What should I know about Hyperthyroidism?

Small, but powerful in its influence on the body, the thyroid gland surrounds the windpipe just beneath the voice box. The thyroid secretes hormones that influence virtually every organ. Thyroid hormone is required for growth and development in children. In adults, its primary job is to regulate the production of metabolic energy. The thyroid governs the "basal metabolic rate," which is a measure of how efficiently the body turns calories into useable heat energy. When thyroid hormone output is low, people are usually tired, cold, and sluggish. They may also be overweight. Thyroid under-activity is known as "hypothyroidism." Without enough thyroid hormone to keep metabolism humming along as it should, we simply do not function very well, physically or mentally.

"Hyperthyroidism" is just the opposite scenario. The thyroid gland is overactive instead of underactive. It secretes too much thyroid hormone. In this case, more of a good thing is definitely not better. Excess thyroid hormone can cause rapid heartbeat. Body temperature is elevated. The hyperthyroid individual may experience extreme weight loss, in spite of a huge appetite, because they burn up calories too fast. Hyperthyroidism can make a person nervous, emotionally unstable, and unable to sleep.

The thyroid gland’s hormone-producing activity is controlled by the hypothalamus and pituitary glands in the brain. These glands can sense when the amount of thyroid hormone in the blood is low or high and give feedback to the thyroid accordingly. When thyroid hormone levels drop, the pituitary gland, upon a signal from the hypothalamus, tells the thyroid to make more. The pituitary does this by secreting a hormone of its own called TSH, or "thyroid-stimulating hormone." As the thyroid hormone level rises, the pituitary gland tells the thyroid gland to shut production down. This circle of communication between glands is called a "feedback loop" and it is designed to keep the amount of thyroid hormone circulating in the blood within a fairly narrow range, so we never have too much or too little. (1)

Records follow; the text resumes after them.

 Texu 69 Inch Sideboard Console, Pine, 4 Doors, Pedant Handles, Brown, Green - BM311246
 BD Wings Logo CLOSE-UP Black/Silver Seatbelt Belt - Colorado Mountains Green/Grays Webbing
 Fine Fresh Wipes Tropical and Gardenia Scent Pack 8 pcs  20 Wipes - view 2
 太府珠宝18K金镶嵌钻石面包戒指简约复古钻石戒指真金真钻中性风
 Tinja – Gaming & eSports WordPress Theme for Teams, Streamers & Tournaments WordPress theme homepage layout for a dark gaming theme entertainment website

The thyroid gland makes two related hormones: thyroxine, also known as "T4," and triiodothyronine or "T3." Each hormone contains iodine, which is why iodine is required for thyroid function. T4 has four iodine molecules in its chemical structure, while T3 has three. An essential dietary mineral, iodine can be found in seafood, bread, salt, and seaweed. More than 99 percent of all thyroid hormones circulate throughout the bloodstream bound to proteins and do not interact with body cells. The remainder circulating in free form, are the important and active hormones that directly interact with body cells to help regulate metabolism.

Abnormally high levels of thyroid hormone can result in "thyrotoxicosis." Hyperthyroidism is usually, but not always, the cause of thyrotoxicosis. Physicians can order a test called RAIU (radioactive iodine uptake) to differentiate true hyperthyroidism from other causes of thyrotoxicosis. A high RAIU reading indicates hyperthyroidism, with the thyroid overproducing T4, T3, or both. (2)

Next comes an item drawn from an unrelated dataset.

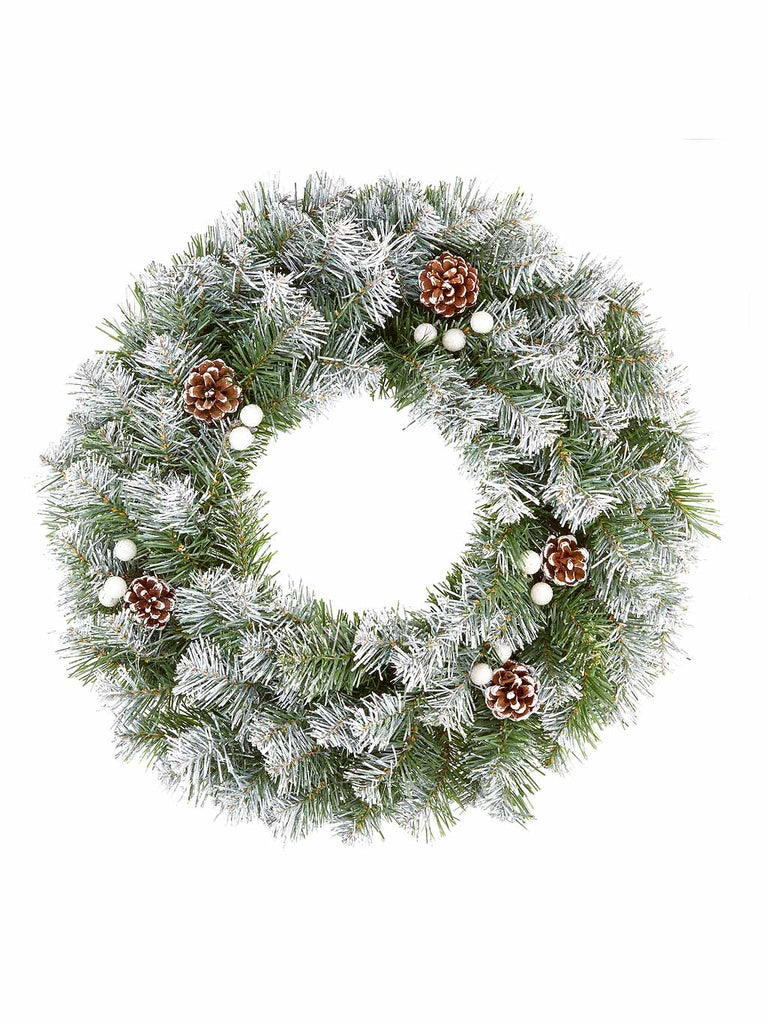 50cm Snow Tipped Wreath with White Berries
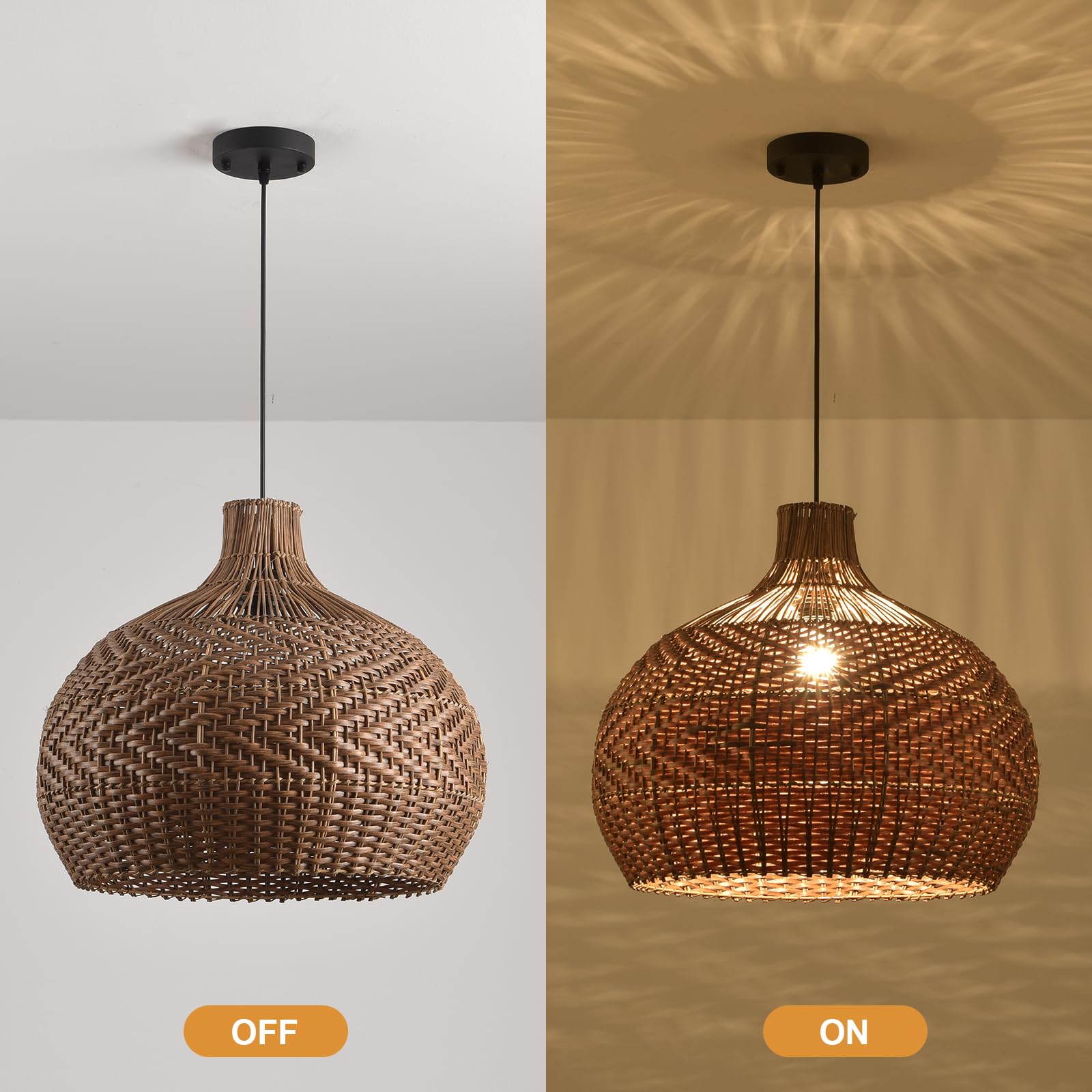 Boho Bamboo Pendant Light, 23.64in Bohemian Hand-Woven Rattan Chandelier Coastal Wicker Lighting Fixtures Hanging Lamp for Kitchen Island Dining Living Room Restaurants Bedroom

  • Thyrotoxicosis results when tissues are exposed to excessive levels of T4, T3, or both. (3) Like many endocrine disorders, thyrotoxicosis occurs more frequently in women, with an estimated annual incidence of 3 per 1000.

Statistic

The Thyroid Society, 1996.

    Hyperthyroidism is most common among ages 20-40, but may occur at any age.

American Medical Women’s Association, 1999.

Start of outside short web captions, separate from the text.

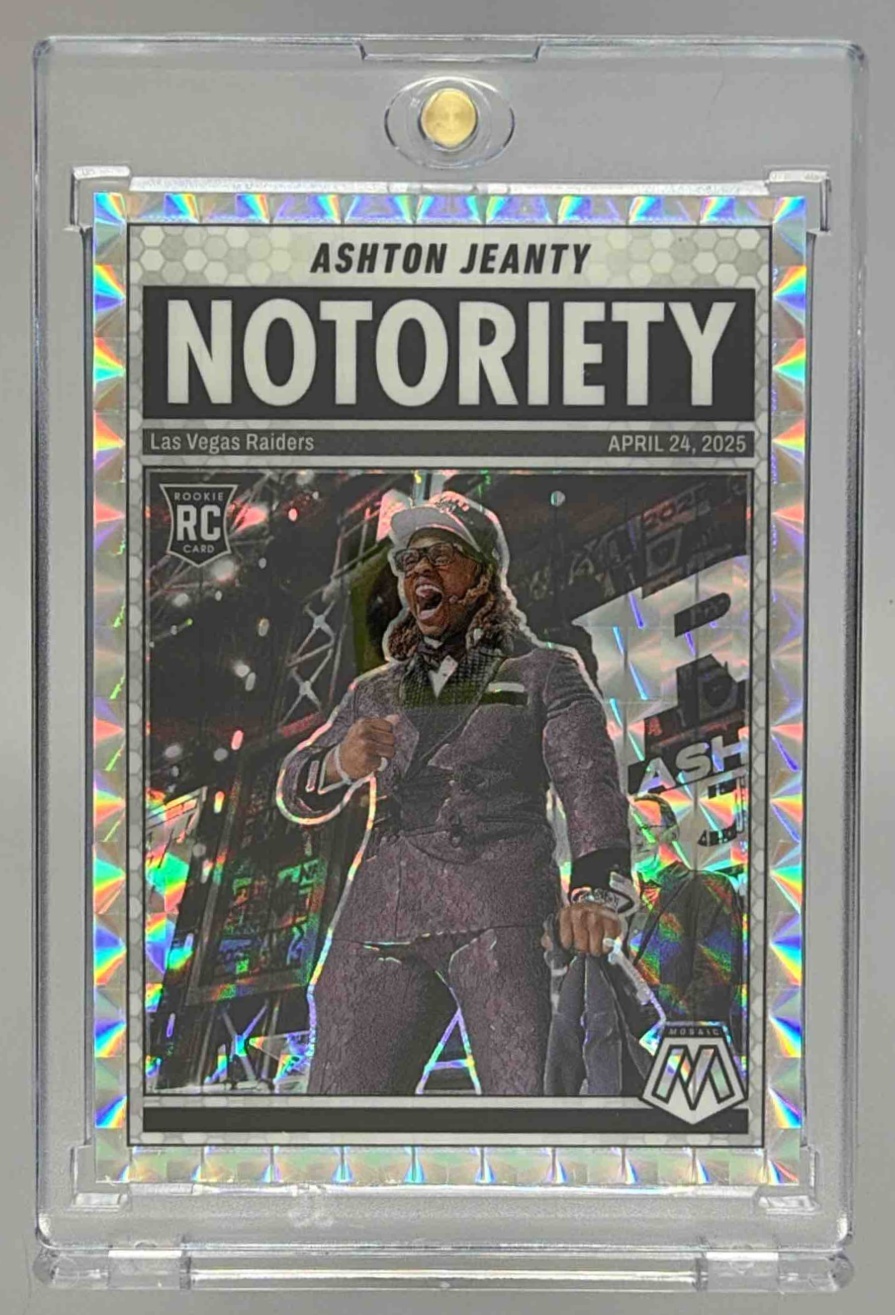 Card image for 2025 Panini Football Mosaic Ashton Jeanty Notoriety #18 RC Las Vegas Raiders
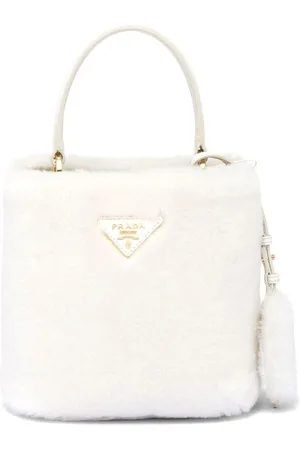 Prada faux-fur triangle-logo Tote Bag - Farfetch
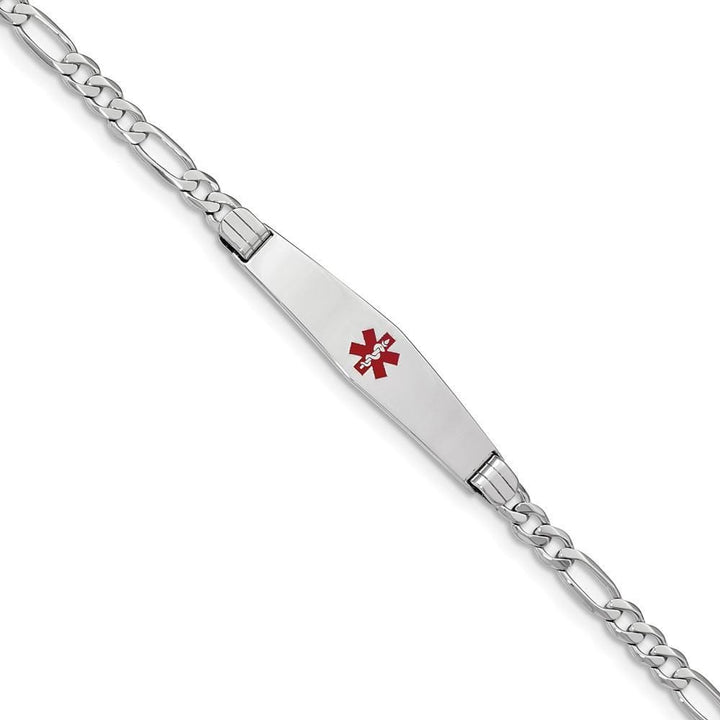 14K White Gold Figaro Link Medical ID Bracelet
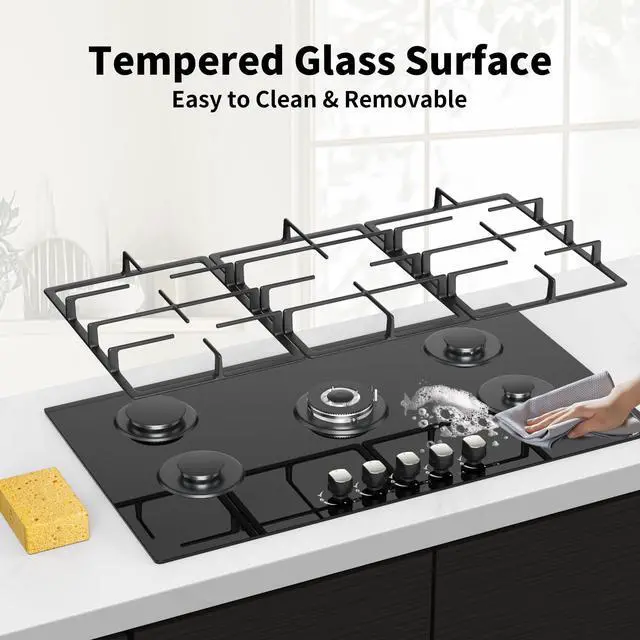 Alt view image 5 of 7 - 36 Inch Gas Cooktop Propane Stove, 5 Burner Built-in Gas Stove Top with Tempered Glass Panel, NG/LPG Dual Fuel Auto Ignition Propane Cooktop with Thermocouple Protection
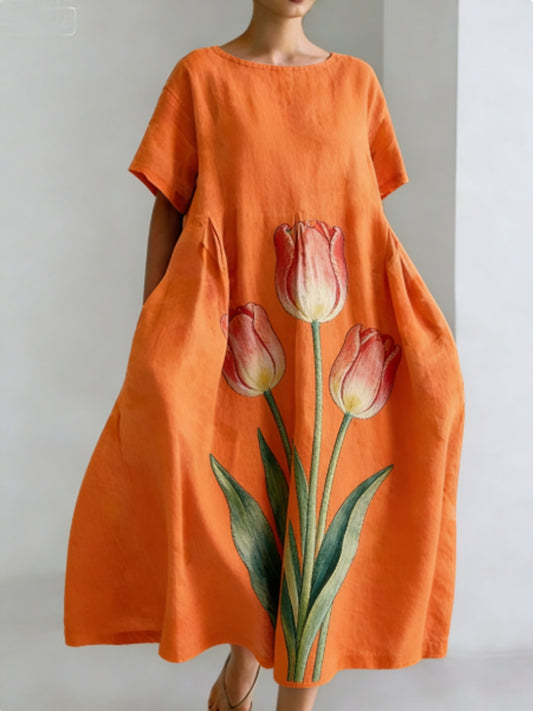 Damen-Kurzarm-Taschen kleider mit Blumen kunst druck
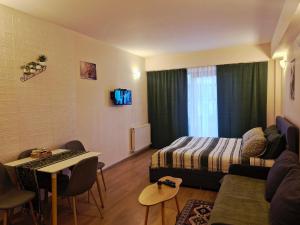 a hotel room with a bed and a living room at Apartment Spartak in Gudauri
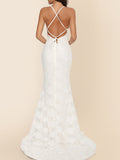 Momnfancy White Lace Tulle Mermaid Cami Backless V-neck Spaghetti Straps Wedding Gown Elegant Maternity Photoshoot Maxi Dress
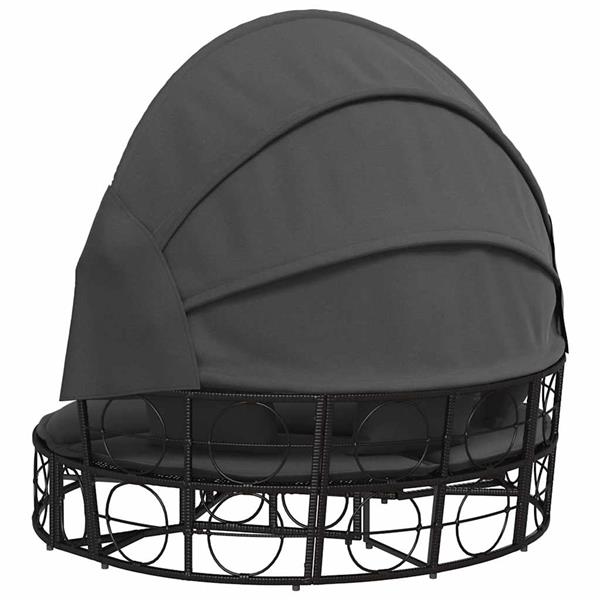 Grote foto vidaxl loungebed met luifel en kussens poly rattan zwart tuin en terras tuinmeubelen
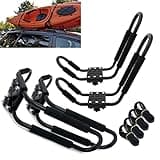 Taelakeni 2 Pairs Kayak Carrier Racks, Universal Cars Kayak Roof J Bar Rack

    Hyperthyroidism affects 1 million Americans.

Epidemiology, March 2000.

    A woman with hyperthyroidism has 80% higher risk of developing ovarian cancer.

Signs and Symptoms

The following list does not insure the presence of this health condition. Please see the text and your healthcare professional for more information.

The symptoms of hyperthyroidism and thyrotoxicosis include:

    Nervousness, emotional instability, fatigue, and heat intolerance Weight loss with increased appetite In severe cases, anorexia may be present Increased frequency of bowel movements Heart palpitations and rapid heartbeat Muscle weakness particularly noted when climbing stairs or getting up from a sitting position Menses may become scanty and irregular in women

Physical signs include:

    Warm, smooth, moist skin and unusually fine hair Separation of the end of fingernails from the nail beds Retraction of the eyelids, and lagging of the upper lid behind the globe when looking downward Excessive breast development in men Deep tendon reflexes are usually hyperactive Fine tremor of protruded tongue or outstretched hand

General

  • Nervousness, unstable emotions, easily fatigued, and heat intolerance
  • Weight loss even with an increased appetite
  • Increased number of bowel movements
  • Occasional episodes of rapid heartbeats
  • Muscle weakness
  • Light and irregular periods in women
  • Warm, smooth, moist skin and unusually fine hair
  • Separation of the end of fingernails from the nail beds
  • Eyelids are open more than usual
  • Enlarged breasts in men
  • Over active reflexes
  • Fine tremor of the tongue or outstretched hand
  • Increased heart rate at rest

Treatment Options

Conventional

Three common treatments are used in the management of hyperthyroidism: surgery, antithyroid medications, and radioactive iodine (RAI). The goals of therapy are to eliminate the excess thyroid hormone, relieve symptoms, and minimize the long term consequences of hyperthyroidism. A number of factors are taken into account in choosing the best treatment for an individual: the type and severity of the hyperthyroidism, age and gender, presence of non-thyroid-related conditions, and response to previous therapy. (4) , (5) , (6)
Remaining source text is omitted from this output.